Где он научился английской выдержке и вежливости? Неужели под хлыстами и пулями колонизаторов?

На улице Крис свирепеет:

— Майкл, возьми завтра одни брюки, но откажись от пиджака! Эта сволочь принимает тебя за кувшин! (По-русски чайник.)

Кувшин так кувшин, штаны дороже. Для меня штаны — выше национальной гордости и великих принципов. Я не могу без штанов, и это — главное.

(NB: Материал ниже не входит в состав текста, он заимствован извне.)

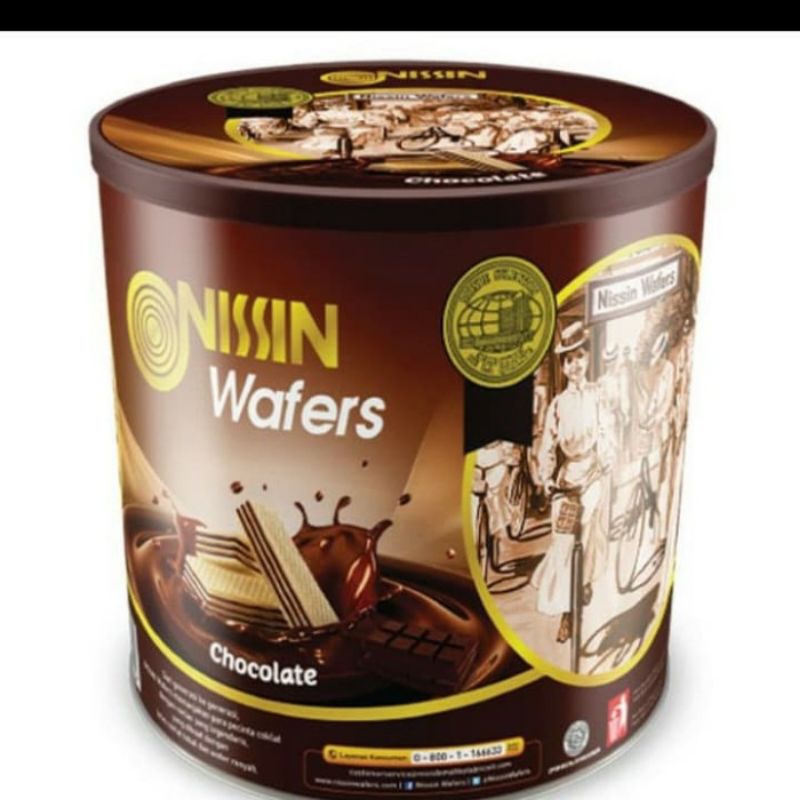 

Nissin wafers chocolate 570 gram limited edition idul Fitri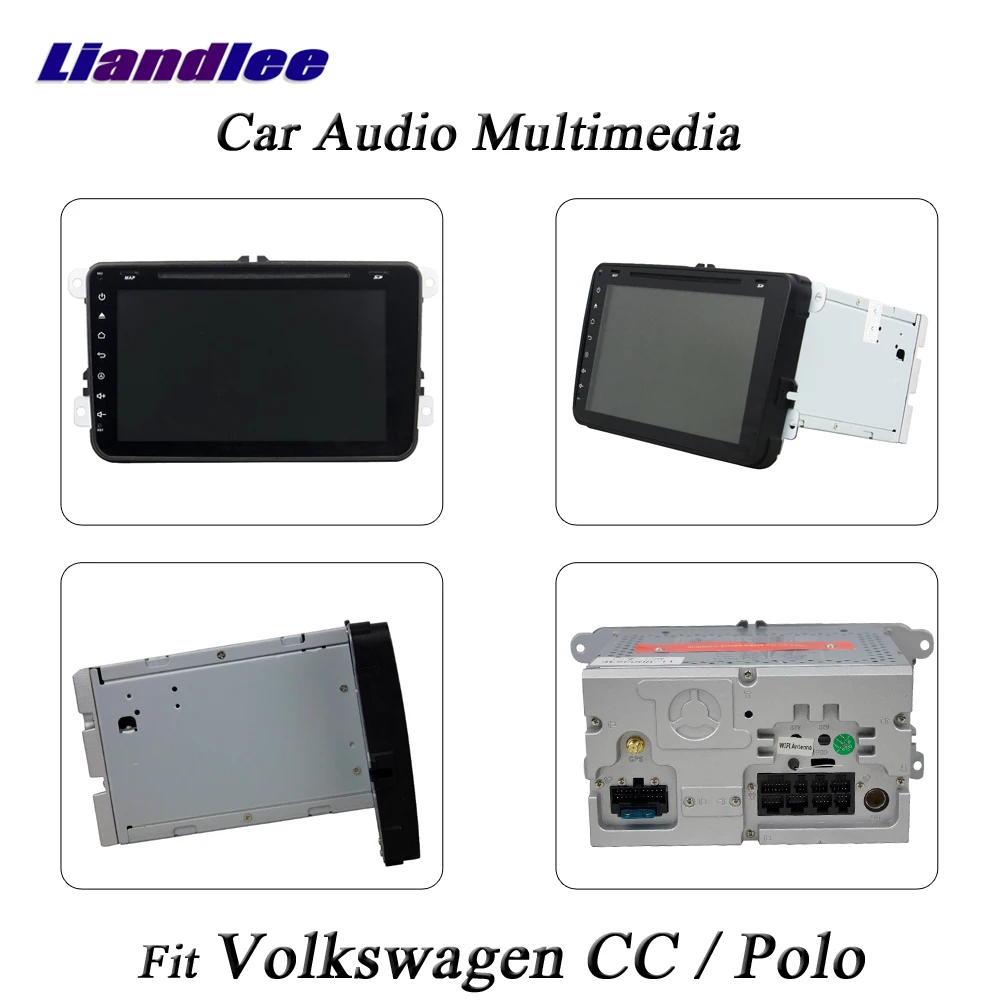 Perfect Liandlee Car Android System For Volkswagen CC / Polo Radio BT Wifi CD DVD Player GPS Nav Navi Navigation HD Screen Multimedia 4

— Ты испортишь нравы продавцов во всем Хемпстеде. Будь мужчиной и хоть примерь штаны завтра, не бери без примерки, этот гад все напортачит! — шипит Крис.

— Мне нужно поменять доллары на фунты, Крис.

— В Хемпстеде с этим нет проблем, — уверенно говорит он, заходя в банк «Миддэндс». Там меня неожиданно просят заполнить анкету и предъявить паспорт, который я с собой не захватил. Паспорт иногда просят и в России, но вот насчет анкеты… Не собираюсь же я поступить на работу в банк!

Борец за права человека снова на баррикадах:

— Что за странности? В Хемпстеде меняют деньги на каждом углу, и никто ничего не спрашивает.

— У нас такой порядок, сэр, — оправдывается служащий, скаля зубы.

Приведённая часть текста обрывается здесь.